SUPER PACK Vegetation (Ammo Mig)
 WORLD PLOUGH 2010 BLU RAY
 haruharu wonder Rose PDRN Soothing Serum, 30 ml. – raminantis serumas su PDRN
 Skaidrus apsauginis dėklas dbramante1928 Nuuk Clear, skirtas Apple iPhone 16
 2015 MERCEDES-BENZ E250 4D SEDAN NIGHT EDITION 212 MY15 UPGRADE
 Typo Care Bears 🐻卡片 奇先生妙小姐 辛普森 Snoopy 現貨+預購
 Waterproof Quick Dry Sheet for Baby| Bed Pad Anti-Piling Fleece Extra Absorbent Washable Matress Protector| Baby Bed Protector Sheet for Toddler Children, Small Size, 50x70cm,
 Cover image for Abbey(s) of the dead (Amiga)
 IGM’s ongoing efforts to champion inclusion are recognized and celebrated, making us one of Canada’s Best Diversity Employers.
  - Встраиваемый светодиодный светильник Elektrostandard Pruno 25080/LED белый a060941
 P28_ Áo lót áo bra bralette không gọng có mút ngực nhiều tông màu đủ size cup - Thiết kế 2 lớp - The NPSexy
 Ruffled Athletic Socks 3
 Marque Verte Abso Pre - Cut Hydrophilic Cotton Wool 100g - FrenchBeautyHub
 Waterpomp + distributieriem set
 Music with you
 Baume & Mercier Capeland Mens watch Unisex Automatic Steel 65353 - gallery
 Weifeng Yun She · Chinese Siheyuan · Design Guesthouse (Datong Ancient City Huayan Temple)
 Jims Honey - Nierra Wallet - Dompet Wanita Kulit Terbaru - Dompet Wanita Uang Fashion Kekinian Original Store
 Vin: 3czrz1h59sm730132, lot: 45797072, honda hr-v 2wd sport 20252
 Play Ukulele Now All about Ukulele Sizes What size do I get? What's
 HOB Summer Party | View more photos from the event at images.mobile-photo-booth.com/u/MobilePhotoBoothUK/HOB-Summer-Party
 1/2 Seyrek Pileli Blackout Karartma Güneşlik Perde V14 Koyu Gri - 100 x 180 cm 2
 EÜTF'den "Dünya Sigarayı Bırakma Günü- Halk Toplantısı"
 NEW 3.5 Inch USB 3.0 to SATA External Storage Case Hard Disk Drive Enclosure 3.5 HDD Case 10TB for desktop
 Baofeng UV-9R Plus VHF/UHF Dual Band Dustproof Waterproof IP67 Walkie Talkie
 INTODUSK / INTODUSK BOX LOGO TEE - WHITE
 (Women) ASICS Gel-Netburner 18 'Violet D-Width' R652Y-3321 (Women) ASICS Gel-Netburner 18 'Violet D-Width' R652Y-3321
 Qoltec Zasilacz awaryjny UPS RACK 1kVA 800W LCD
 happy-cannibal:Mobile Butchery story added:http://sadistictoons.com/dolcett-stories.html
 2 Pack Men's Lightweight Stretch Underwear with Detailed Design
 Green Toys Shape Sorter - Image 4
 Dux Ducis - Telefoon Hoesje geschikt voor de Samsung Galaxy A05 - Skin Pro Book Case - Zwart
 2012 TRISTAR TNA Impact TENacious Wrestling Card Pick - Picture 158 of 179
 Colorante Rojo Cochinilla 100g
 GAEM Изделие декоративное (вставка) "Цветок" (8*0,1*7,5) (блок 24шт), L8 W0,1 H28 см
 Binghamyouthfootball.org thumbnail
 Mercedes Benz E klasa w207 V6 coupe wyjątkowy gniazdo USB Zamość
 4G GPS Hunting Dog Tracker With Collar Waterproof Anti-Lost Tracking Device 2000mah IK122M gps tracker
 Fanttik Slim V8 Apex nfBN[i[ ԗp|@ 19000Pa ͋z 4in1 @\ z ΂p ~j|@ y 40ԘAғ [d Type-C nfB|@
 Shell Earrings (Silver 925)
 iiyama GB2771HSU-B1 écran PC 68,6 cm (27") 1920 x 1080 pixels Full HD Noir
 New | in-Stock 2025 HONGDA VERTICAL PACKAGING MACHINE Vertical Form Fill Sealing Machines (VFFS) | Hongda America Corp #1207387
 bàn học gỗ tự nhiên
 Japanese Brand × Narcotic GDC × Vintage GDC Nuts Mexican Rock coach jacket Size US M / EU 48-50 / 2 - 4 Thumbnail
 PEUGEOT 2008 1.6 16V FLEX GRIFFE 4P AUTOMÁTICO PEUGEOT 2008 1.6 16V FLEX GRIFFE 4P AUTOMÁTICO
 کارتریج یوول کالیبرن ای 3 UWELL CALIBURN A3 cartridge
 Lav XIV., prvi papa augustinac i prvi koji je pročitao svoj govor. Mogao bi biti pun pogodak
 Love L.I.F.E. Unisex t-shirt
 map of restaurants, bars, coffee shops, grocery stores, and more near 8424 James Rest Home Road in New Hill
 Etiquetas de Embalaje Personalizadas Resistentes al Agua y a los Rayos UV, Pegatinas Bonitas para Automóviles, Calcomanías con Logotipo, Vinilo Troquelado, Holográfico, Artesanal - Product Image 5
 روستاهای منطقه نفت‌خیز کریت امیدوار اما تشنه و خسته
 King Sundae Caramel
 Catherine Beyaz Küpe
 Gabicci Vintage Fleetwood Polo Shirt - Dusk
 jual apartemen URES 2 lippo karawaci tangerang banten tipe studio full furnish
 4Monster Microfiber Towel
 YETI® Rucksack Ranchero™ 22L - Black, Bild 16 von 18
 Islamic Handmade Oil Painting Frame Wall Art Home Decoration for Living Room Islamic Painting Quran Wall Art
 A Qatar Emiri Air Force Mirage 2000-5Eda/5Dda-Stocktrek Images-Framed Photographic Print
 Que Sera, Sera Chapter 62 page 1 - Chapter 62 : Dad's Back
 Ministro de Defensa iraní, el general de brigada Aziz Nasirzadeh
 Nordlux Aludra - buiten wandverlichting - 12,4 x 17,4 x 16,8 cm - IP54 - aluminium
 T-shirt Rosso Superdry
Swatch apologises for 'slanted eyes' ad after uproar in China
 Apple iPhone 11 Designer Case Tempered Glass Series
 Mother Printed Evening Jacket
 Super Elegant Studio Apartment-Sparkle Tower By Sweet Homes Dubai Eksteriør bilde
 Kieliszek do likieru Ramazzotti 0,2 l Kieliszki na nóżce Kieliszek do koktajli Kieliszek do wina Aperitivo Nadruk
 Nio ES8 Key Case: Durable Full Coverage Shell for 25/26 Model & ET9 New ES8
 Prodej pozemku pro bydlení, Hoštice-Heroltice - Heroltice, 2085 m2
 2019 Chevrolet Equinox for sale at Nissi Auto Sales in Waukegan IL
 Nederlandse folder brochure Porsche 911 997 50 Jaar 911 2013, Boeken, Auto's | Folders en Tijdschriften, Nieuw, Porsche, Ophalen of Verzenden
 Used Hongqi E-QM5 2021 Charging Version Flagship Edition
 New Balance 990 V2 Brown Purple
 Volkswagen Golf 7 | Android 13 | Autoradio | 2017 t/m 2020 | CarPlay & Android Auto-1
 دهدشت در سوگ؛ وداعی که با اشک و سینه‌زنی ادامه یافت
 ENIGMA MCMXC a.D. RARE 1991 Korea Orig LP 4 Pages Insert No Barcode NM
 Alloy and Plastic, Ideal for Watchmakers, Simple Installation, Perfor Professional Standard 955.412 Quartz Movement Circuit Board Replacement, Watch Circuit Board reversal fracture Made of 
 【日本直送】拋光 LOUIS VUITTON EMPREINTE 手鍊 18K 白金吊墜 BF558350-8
───
▶ _TASK DETAILS_
Copy down every line of the material above that includes the string "Apple".

▶ _SOLUTION TO THE EXERCISE_
 Skaidrus apsauginis dėklas dbramante1928 Nuuk Clear, skirtas Apple iPhone 16
 Apple iPhone 11 Designer Case Tempered Glass Series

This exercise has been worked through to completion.